I’ll post a summary soon.

Cameron says in other countries the telecoms industry is still dominated by big, national-owned companies. It is important for Britain to be in the EU to help push through rules that encourage more competition, he says.

Nigel Farage, the Ukip leader, is offering a running commentary on Cameron’s performance on Twitter.

Very large number of businesses refusing to back EU membership. EU deal is a disaster. Global future outside EU. https://t.co/g9Kt4hQjeh

— Nigel Farage (@Nigel_Farage) February 23, 2016

Up to 5,000 jihadists in Europe after training with Islamic State. EU open borders make us less safe. https://t.co/FBVBeHLpIH

— Nigel Farage (@Nigel_Farage) February 23, 2016

Look at the number of German motorcars on British roads. Get real @David_Cameron! Our trade will thrive once we leave EU.

— Nigel Farage (@Nigel_Farage) February 23, 2016

European Arrest Warrant means Brits can be locked up abroad with neither evidence nor trial. Disaster for British liberty.

— Nigel Farage (@Nigel_Farage) February 23, 2016

At the same time we can't deport terrorists because of bonkers European human rights laws that @David_Cameron seeks to maintain.

— Nigel Farage (@Nigel_Farage) February 23, 2016

Mr. Cameron copying line out of Nick Clegg's playbook on 3 million jobs myth. Desperate stuff! British workers will be better off outside EU

— Nigel Farage (@Nigel_Farage) February 23, 2016

Cameron says anyone unsure of how to vote should take safe option and back Remain

Q: How did you find out Boris Johnson would back Brexit? Were you irritated?

Cameron says he has had many conversations with Johnson about this over the last few weeks. They have exchanged text messages too. He says he was disappointed. But if you are not certain, you should back the side that offers the safety and security of what we know.

Even if you think the future outside the EU would be better (which he doesn’t think, he says), the transition period would be difficult.

There is a real danger of job losses, he says.

And he says if Britain is not in the single market, there is a danger of the single market countries ganging up against you.

Recently the EU tried to introduce a law saying banks doing complex deals in euros had to be in the Eurozone. Britain blocked that, he says. And the new deal offers protections against that.

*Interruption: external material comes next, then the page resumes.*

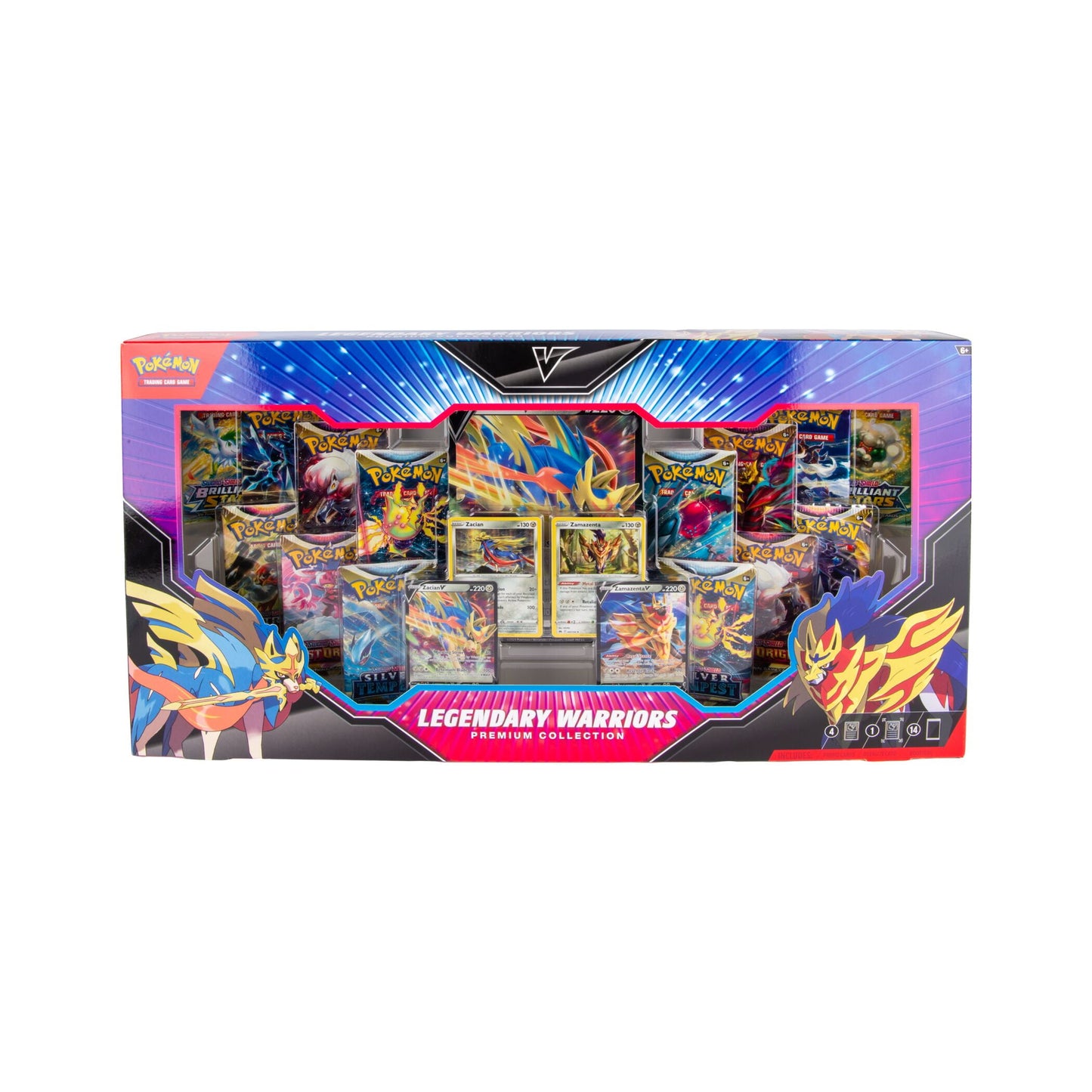 Pokemon TCG: Legendary Warriors Premium Collection Box, Zacian Zamazemta Promos, Gift for Kids, 14 Booster Packs from Sword & Shield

But if Britain were outside the EU, it could not stop that.

  • Cameron says anyone unsure of how to vote should vote to stay in the EU, because the status quo guarantees safety and security.
  • He says EU countries would discriminate against Britain if Britain left.

Cameron says companies have to get statement like this approved by their boards.

  • Cameron says Leave campaign would be “over the moon” if it could get 35 FTSE 100 leaders to back Brexit.